But you can kind of see where Fielding's coming from. All fresh-faced earnestness when she arrives in India, Adela is perhaps the last person you'd want to take along on a trip to the mall, let alone an exciting tour of India. For Adela seems to be a character who takes the cliché that your "life is an open book" quite literally. She studies everything as if she were prepping for the SATs, as if there were vocabulary lists and formulas that could explain life, love, and human nature.
So when Adela keeps talking about seeing the "real India" in the beginning of the novel, it's hard not to read that phrase as a desperate plea for help. A plea not just to see past the official, sanitized version of British India, but also to escape her overly cerebral way of looking at the world. A plea to feel, to feel passionately, to really experience the world. Adela may know a lot of facts and figures, well-educated, progressive young woman that she is. But she doesn't know how to handle the mess and muddle of personal drama and interpersonal relationships.

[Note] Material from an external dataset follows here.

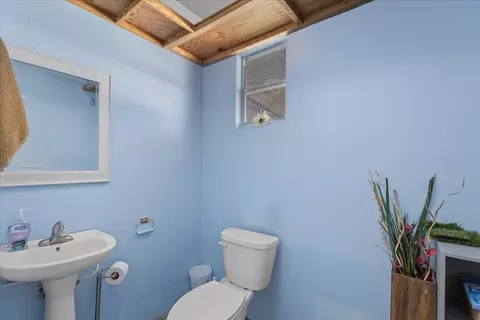 Bath - 503 Plantation Rd, Perry, FL 32348 photo 1 of 4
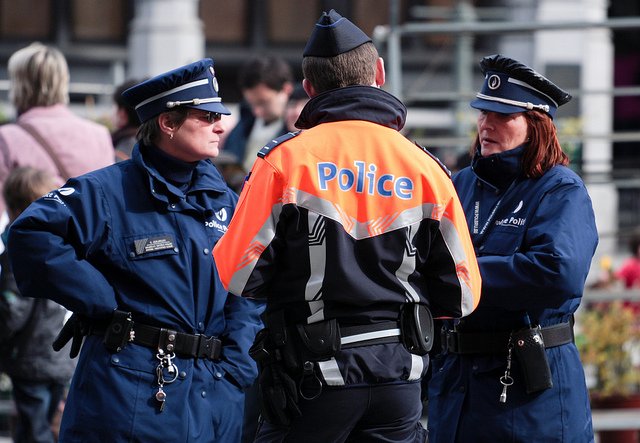 Матч между Бельгией и Швецией прервали из-за убийства двух болельщиков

You could say that her traumatic experience in the caves might represent the culmination of a series of minor crises Adela undergoes in the novel as her cerebral self keeps getting gob smacked by her unpredictable emotional life. Particularly in her relationship with Ronny, Adela is constantly puzzled over the fact that their interactions are so...ordinary. There are no dramatic speeches, declarations of love, romantic letters, tears, embraces, and more tears. There's just the touch of a hand in a car, and poof, they're engaged.
Which brings us to the caves. What actually happens to Adela continues to be the subject of debate. Forster intentionally left that crucial narrative morsel out of the novel. And in Adela's explanation of what happened after the cave incident, she stresses that "[h]e never actually touched me once" (2.22.2). So what does this cave episode tell us about Adela?
Well, given the clueless way she goes about thinking about love and marriage, one way to look at the scene is to side with Fielding. Adele's situation is pathetic. Her whole charge against Aziz is just the hysterical fantasy of a silly, self-absorbed girl. She may have been "attacked," but the attack was a hallucination driven by her need for drama, by her disappointment with how bored she is with travel and with her love life. You could be even more cynical, as some critics are, and suggest that the fact that she's thinking about India and love right before she enters the cave indicates that her attack is an erotic fantasy, driven by a sexual attraction to Aziz that would have been unthinkable to act on in that time.
Perhaps. Or you could follow Fielding one step further. Even Fielding realizes that he was a little hard on Adela, and he's struck by her sincerity in their conversations after the trial. While the rest of the Anglo-Indians went nuts with racial hysteria, Adela was, in a way, saved by her own dispassionate way of looking at things, the very quality that made her such a "pathetic product of Western education" in the first place.
We will never know what actually happened in the cave, but it's useful to keep in mind Fielding's thought that after the trial, Adela "was no longer examining life, but being examined by it; she had become a real person" (2.26.68). As her name implies, Adela is no longer on a quest, but being "quested." The stress is no longer on the "real India," but on Adela as a "real person." Does the novel really give Adela a chance to become a real person? Your answer to that question depends on how you fill in the gap in the cave.